The U.S. withdrew from the agreement last May, after Trump decried it as “defective to its core,” arguing that it would allow Iran to get economic relief and still have a path to nuclear weapons.
But for now, U.S. intelligence officials say Tehran is at least a year away from being able to produce a nuclear warhead, though they caution that with new U.S. and European sanctions, their willingness to stick with the agreement may be waning.
“We do see them debating amongst themselves as they’ve failed to realize the economic benefits they hoped for from the deal,” Haspel added.
At the same time, Coats said intelligence analysts expect Iran to put greater pressure on the U.S. in the Middle East, with Iranian-backed Shia militias likely to pose a growing threat to U.S. troops in Iraq.
Coats and the other intelligence chiefs warned lawmakers that Russia, China, North Korea and Iran would continue to pressure the U.S. in cyberspace.
“We expect these actors and others to rely more and more on cyber capabilities when seeking to gain political, economic and military advantages over the United States and its allies and partners,” he told lawmakers Tuesday.
Coats said despite successful efforts to protect “the integrity of the 2018 midterm elections,” the intelligence agencies expected Russia, China, Iran and others to target the 2020 U.S. presidential elections.
“We expect them to refine their capabilities and add new tactics as they learn from each other’s experiences and efforts in previous elections,” he said.
Coats called the situation in Venezuela, where the U.S. has officially recognized Venezuelan legislative leader Juan Guaido as the country president, “tenuous.”

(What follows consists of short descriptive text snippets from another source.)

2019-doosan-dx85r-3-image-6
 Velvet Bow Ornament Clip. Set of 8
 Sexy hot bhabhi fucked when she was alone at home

In an effort to support Guaido and constrain Venezuela’s President Nicolas Maduro, the U.S. on Monday slapped sanctions on the country’s state-run oil company.
But Coats said he expects Cuba, Russia and China “to prop up the Maduro regime’s security or financing,” and that the deciding factor could be the country’s military.
“The influence of the military on that decision … probably is key to what direction we might go in,” he said.
Despite the heavy focus from the White House and the Department of Homeland Security on the need for a border wall, the intelligence chiefs made no direct mention of threats along the southern U.S. border with Mexico.
Coats said he expected Mexico would “pursue cooperation with the United States as it tries to reduce violence and address socioeconomic issues, but authorities still do not have the capability to fully address the reduction, the flow and trafficking of the drug cartels.”
Coats also warned that high crime rates and economic problems “will continue to spur U.S.-bound migrants from El Salvador, Guatemala and Honduras.”
The Worldwide Threat Assessment report also warned of increased migration pressures worldwide due to a combination of a slowing global economy and climate change.